» Dataset section:
....

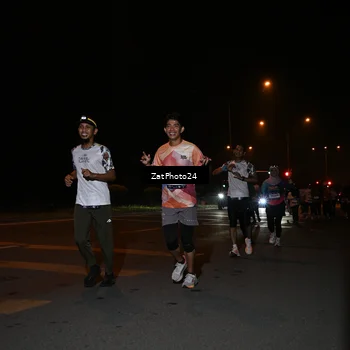 Runner Photo 7666396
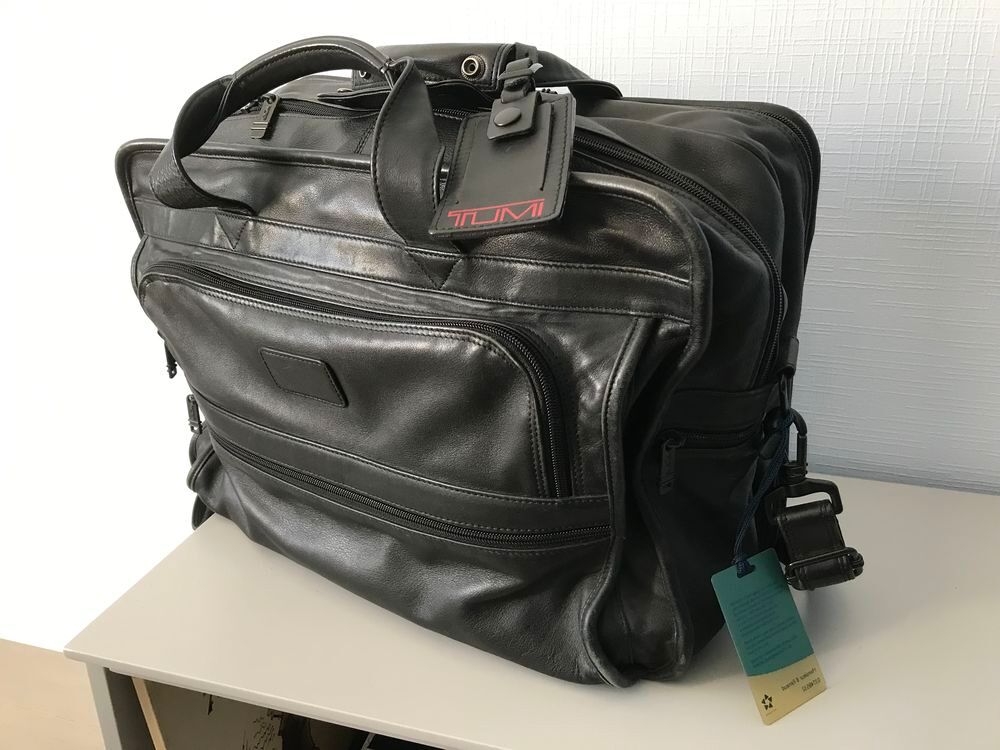 SAC DE VOYAGE TUMI EN CUIR Maroquinerie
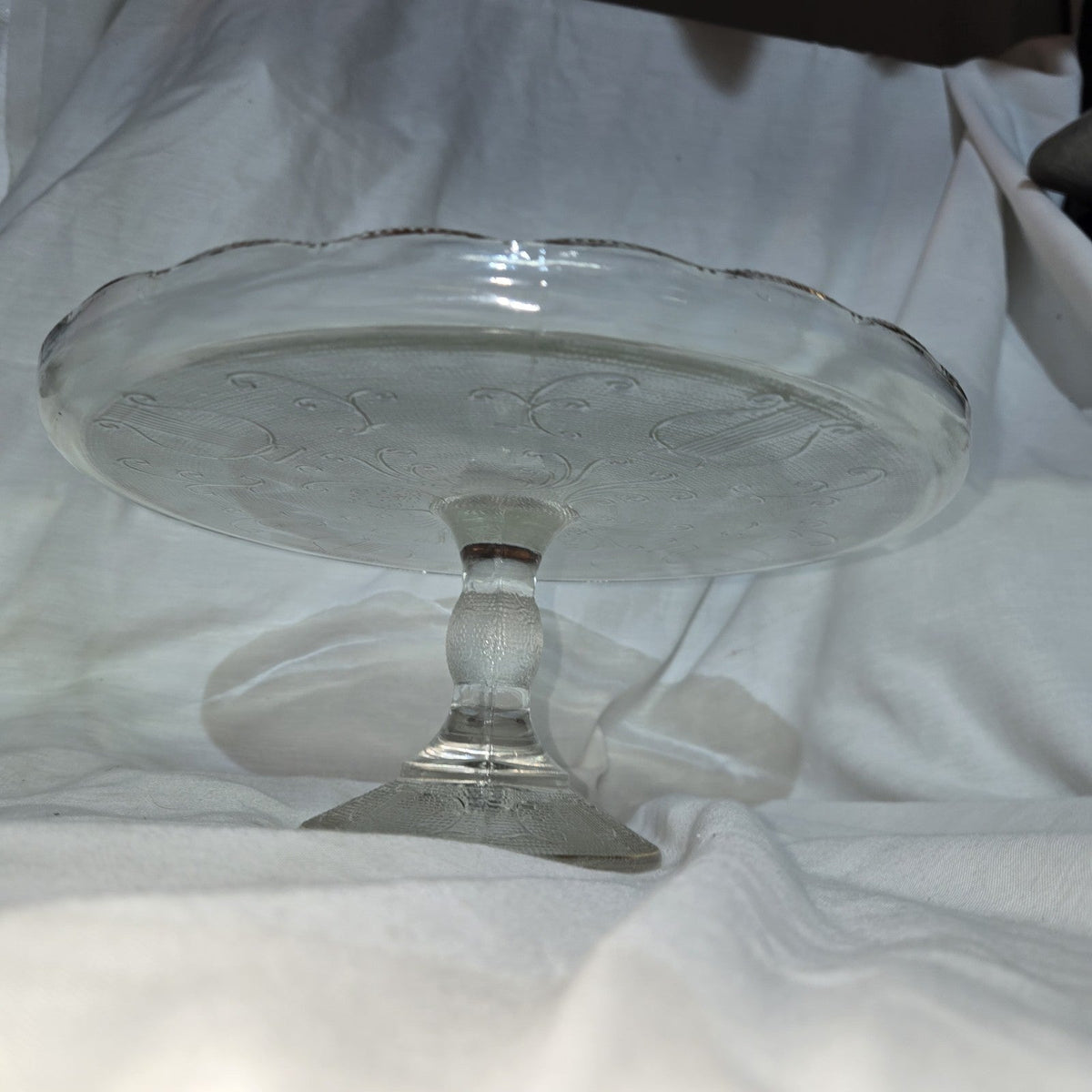 VINTAGE JEANETTE GLASS HARP DESIGN PEDESTAL CAKE STAND-22K GOLD TRIM-1950'S-NICE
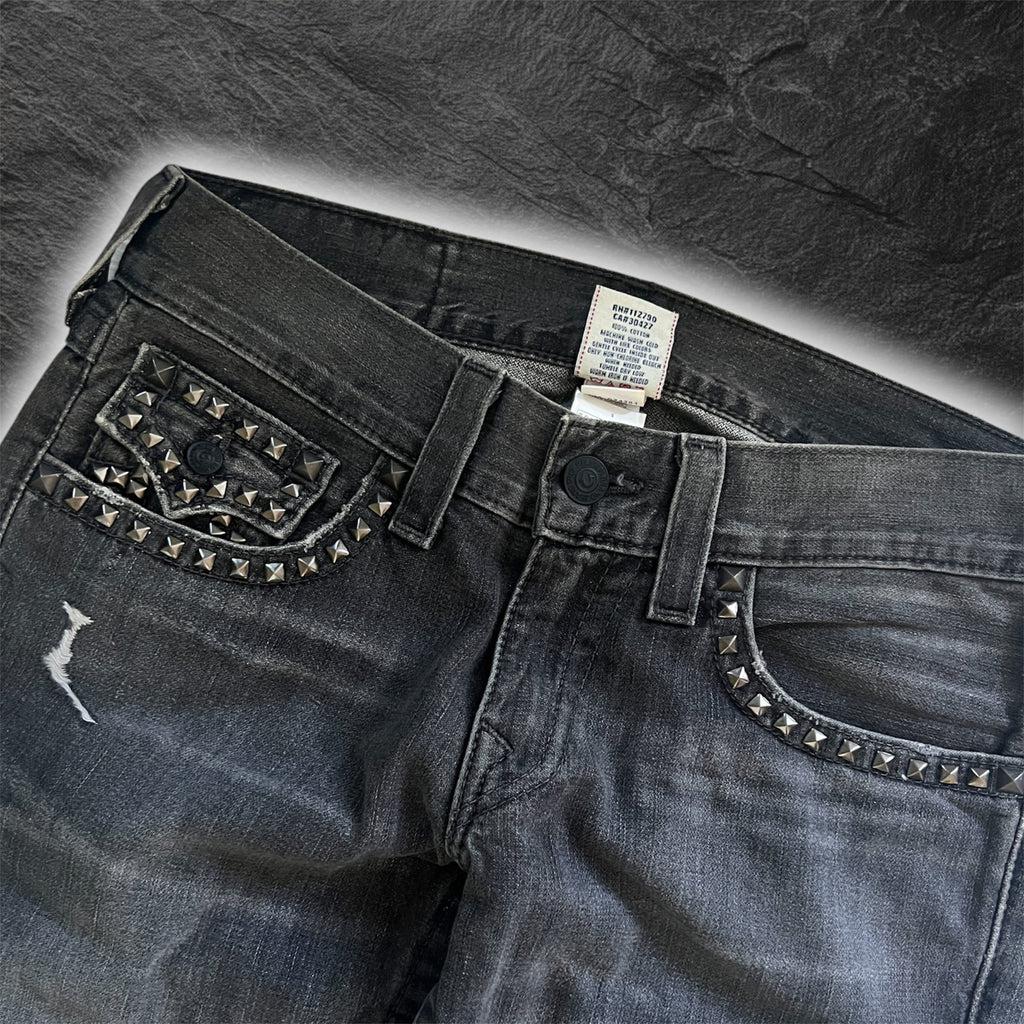 *Deadstock* True Religion Billy "Pyramid Stud" jeans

....

» Problem statement: Copy out the listing word for word and skip its pictures.

» Your response:
 Runner Photo 7666396
 SAC DE VOYAGE TUMI EN CUIR Maroquinerie
 VINTAGE JEANETTE GLASS HARP DESIGN PEDESTAL CAKE STAND-22K GOLD TRIM-1950'S-NICE
 *Deadstock* True Religion Billy "Pyramid Stud" jeans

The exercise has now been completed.